**EXERCISE INSTRUCTIONS:** Each line that contains the string "with" counts once; report how many such lines appear in the data, as a number only.

**MATERIAL FOR THE TASK:**
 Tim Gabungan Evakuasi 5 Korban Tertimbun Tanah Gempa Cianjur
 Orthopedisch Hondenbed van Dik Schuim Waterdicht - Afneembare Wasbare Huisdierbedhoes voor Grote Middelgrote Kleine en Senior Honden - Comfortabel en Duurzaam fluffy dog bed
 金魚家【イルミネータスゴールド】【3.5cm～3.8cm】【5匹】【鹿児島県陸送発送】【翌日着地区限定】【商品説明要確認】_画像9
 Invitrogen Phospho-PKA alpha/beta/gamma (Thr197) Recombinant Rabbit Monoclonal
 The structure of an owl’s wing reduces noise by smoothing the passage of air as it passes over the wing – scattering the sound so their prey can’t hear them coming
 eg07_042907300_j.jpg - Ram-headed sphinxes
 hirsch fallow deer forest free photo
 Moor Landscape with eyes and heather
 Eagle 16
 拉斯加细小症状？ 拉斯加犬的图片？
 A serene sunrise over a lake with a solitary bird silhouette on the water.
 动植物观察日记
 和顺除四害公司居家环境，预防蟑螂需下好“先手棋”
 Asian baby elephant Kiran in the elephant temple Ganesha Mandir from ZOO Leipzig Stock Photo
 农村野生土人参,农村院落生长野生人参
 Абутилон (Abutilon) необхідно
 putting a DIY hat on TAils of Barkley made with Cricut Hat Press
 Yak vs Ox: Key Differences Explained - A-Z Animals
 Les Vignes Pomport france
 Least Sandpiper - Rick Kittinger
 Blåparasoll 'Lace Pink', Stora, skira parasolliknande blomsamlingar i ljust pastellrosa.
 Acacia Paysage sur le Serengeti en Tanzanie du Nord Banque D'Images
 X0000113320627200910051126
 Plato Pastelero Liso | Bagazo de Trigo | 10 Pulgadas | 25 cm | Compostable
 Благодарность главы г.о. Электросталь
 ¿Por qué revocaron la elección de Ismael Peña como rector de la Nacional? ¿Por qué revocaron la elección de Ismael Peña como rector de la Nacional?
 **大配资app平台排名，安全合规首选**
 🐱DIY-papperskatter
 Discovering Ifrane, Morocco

**WRITTEN SOLUTION:** 3